I forgot to update that the 2nd crash-dump on the auto reboot had picked up the default U4 kernel. I've updated the grub/menu.lst to default to the slab_debug kernel. I'll add the cat of /proc/slabinfo to my start_loop script so it can be captured between calls to restart_ecoagt script which fires up the SV agent processes.
Added another crash dump to the CW FTP site: ftp://ftp.compuware.com/pub/vantage/server/outgoing/rhel3_132838/netdu mp3_debug.TAR.gz I added slabinfo.log as well, which was the cat /proc/slabinfo grep'd for "size-2048" which didn't look unusual just before it crashed.
How about we provide you our Linux Agent binaries so that you can run it on your system(s) using whatever debug kernel you require? The Control Server component which runs on Windows is not required to recreate the panics we're exposing.
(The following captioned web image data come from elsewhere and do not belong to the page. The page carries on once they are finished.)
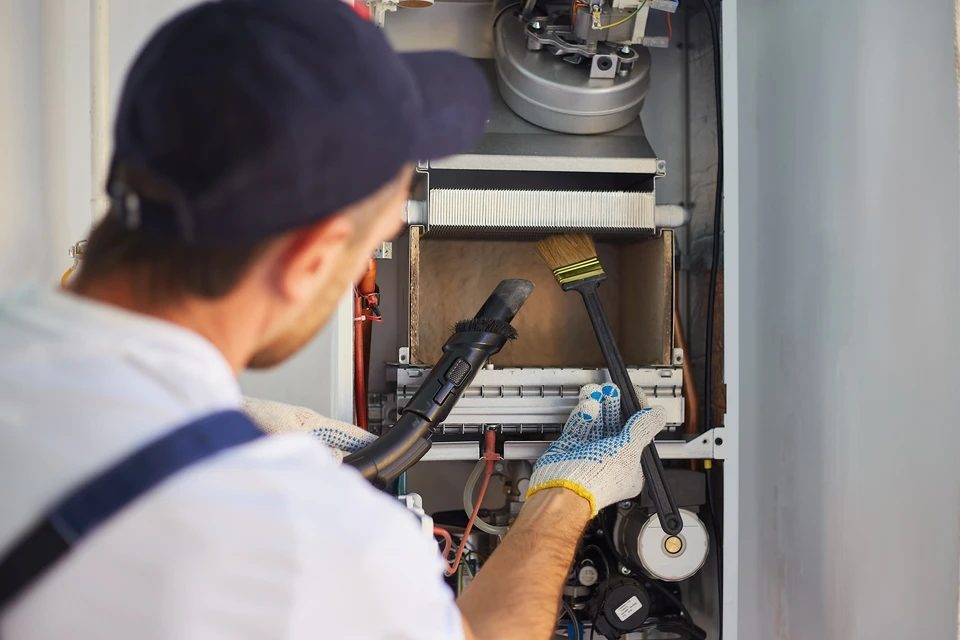Un technicien en uniforme effectue la maintenance d'une chaudière à gaz domestique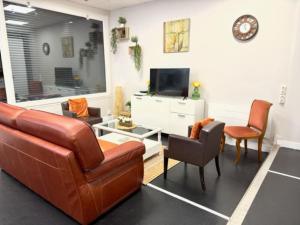 salon z kanapą, krzesłami i telewizorem w obiekcie Le clos notre Dame proche du bord de mer w Hawrze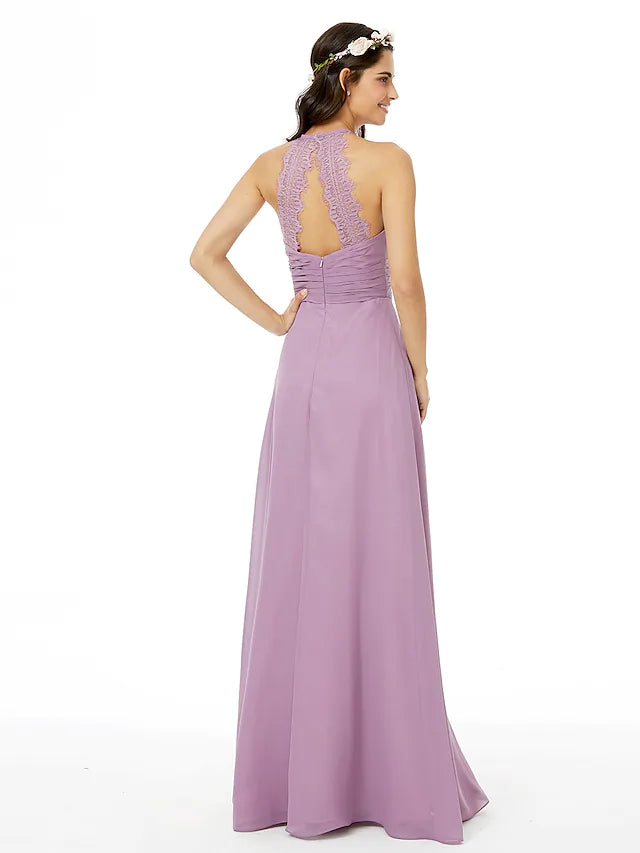 Side profile of a floor-length chiffon bridesmaid gown.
Created attachment 109403 [details] notes for last dumpfile sent
FWIW, I attached the notes for the last dumpfile, finding essentially the same problem -- two corrupt slab caches, the size-2048 as has been the case in all prior dumps, as well as size-32 cache as well. But the dump trace is unrelated to the others, probably due to previous slab cache corruption. In any case, absolutely, if you can give us a reproducer, it would be to both of our benefits! Tell us what to do! Thanks, Dave
Added linux_ia32.TAR.gz to the Compuware FTP website, point your browser at the following URL to download it: ftp://ftp.compuware.com/pub/vantage/server/outgoing/rhel3_132838/linux _ia32.TAR.gz Once you have it downloaded to /tmp on a test system running RHEL 3 U4, uncompress it. Then extract the install file to install the linux_ia32.TAR file, e.g. ./install which will walk you through an install. Any ?? email call me at 313- 227-6779.
I forgot... to recreate the problem there's another script in linux_ia32.TAR.gz that is normally not shipped, start_loop. It invokes /usr/ecotools/bin/restart_ecoagt every 5 seconds. To speed things up between restarts you can reduce the sleep in start_loop and the sleeps in stop_agt...
Got this far -- but don't know what to do re: "control server" info: Select one of the following options: 1) Unload agent station software 2) Install agent station software 3) Configure monitoring of databases/applications 4) Transfer agent station software to remote agents Q) Quit installation Enter your selection [Q] => 2 Checking for NPTL. Threads: NPTL 0.45 Found Native POSIX Threads Library! Enter the full pathname of the directory to store temporary files [/usr/tmp/ServerVantage/tmp] => Enter the full pathname of the directory to store log files [/usr/tmp/ServerVantage/tmp] => Enter the full pathname of the directory to store data files [/usr/tmp/ServerVantage/datafiles] => During the install process, please specify the Control Server by hostname or by IP address. Using the IP option is best for complex networks, including firewalls, multiple local NICs, or lack of DNS resolution. Does a firewall exist between this agent station and the control server (y/n) [n] => The current control server configuration is: CS Hostname : No current value CS IP address : No current value Event port : No current value TCP port : No current value Ecoagt RPC min port : No current value Ecoagt RPC num ports : No current value Ecoagt Localhost IP : No current value Ecoagt Localhost Alias : No current value Enter the host name of the control server =>
You can use any hostname or IP address that is listed in /etc/hosts but do not test the CS connection which follows, just enter n for that test.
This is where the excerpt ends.